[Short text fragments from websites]
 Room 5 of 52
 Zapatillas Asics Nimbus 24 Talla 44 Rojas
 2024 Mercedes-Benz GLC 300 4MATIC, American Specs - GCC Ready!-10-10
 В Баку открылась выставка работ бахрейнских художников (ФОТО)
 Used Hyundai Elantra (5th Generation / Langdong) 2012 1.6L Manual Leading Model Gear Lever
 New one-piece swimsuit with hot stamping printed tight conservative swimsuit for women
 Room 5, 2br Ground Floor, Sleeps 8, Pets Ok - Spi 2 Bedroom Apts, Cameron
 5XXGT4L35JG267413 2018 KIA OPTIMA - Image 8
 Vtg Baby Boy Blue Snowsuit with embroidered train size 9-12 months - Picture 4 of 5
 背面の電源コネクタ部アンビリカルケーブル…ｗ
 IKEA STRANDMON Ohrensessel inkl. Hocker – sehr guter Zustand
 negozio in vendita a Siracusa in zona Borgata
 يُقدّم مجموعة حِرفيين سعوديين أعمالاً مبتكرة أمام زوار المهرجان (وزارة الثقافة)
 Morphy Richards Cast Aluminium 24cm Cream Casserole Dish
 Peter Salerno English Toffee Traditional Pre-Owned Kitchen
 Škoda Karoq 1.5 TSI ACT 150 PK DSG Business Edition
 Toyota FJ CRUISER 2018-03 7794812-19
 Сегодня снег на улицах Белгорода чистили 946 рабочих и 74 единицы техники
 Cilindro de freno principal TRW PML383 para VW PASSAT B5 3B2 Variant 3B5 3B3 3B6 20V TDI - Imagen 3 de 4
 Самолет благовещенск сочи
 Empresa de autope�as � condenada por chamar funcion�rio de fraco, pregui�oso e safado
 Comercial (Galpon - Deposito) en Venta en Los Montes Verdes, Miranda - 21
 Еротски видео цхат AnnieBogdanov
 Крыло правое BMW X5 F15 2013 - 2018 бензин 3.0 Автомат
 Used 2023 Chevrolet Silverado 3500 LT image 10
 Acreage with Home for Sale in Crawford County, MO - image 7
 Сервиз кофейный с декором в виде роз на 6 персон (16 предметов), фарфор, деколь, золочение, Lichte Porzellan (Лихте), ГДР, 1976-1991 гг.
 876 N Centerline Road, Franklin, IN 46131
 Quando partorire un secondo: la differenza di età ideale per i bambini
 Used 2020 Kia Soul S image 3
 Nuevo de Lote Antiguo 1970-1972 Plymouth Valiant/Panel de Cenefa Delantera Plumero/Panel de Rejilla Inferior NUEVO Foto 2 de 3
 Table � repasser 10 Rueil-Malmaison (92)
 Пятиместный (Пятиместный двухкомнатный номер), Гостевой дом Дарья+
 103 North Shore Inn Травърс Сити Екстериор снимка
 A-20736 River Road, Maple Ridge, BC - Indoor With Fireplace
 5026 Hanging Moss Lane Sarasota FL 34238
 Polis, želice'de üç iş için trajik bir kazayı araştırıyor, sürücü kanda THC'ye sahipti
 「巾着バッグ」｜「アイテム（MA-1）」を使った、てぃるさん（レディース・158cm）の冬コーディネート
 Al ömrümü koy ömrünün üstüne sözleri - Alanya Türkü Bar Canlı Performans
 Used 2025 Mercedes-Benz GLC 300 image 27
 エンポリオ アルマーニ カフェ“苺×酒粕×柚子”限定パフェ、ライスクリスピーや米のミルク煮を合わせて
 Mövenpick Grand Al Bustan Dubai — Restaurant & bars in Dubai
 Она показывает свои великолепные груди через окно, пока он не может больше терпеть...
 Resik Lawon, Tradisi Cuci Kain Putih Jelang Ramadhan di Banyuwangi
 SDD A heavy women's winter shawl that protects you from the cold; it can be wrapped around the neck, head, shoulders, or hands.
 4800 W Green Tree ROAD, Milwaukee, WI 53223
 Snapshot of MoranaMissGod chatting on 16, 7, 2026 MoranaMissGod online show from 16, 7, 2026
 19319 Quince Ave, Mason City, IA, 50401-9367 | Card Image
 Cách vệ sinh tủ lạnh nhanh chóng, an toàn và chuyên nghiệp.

* **The problem**: Copy, exactly and only, the lines above that begin with the one containing "Room 5, 2br" and finish with the one containing "Toyota FJ CRUISER 2018-03 7794812-19".

* **Result of this exercise**:
 Room 5, 2br Ground Floor, Sleeps 8, Pets Ok - Spi 2 Bedroom Apts, Cameron
 5XXGT4L35JG267413 2018 KIA OPTIMA - Image 8
 Vtg Baby Boy Blue Snowsuit with embroidered train size 9-12 months - Picture 4 of 5
 背面の電源コネクタ部アンビリカルケーブル…ｗ
 IKEA STRANDMON Ohrensessel inkl. Hocker – sehr guter Zustand
 negozio in vendita a Siracusa in zona Borgata
 يُقدّم مجموعة حِرفيين سعوديين أعمالاً مبتكرة أمام زوار المهرجان (وزارة الثقافة)
 Morphy Richards Cast Aluminium 24cm Cream Casserole Dish
 Peter Salerno English Toffee Traditional Pre-Owned Kitchen
 Škoda Karoq 1.5 TSI ACT 150 PK DSG Business Edition
 Toyota FJ CRUISER 2018-03 7794812-19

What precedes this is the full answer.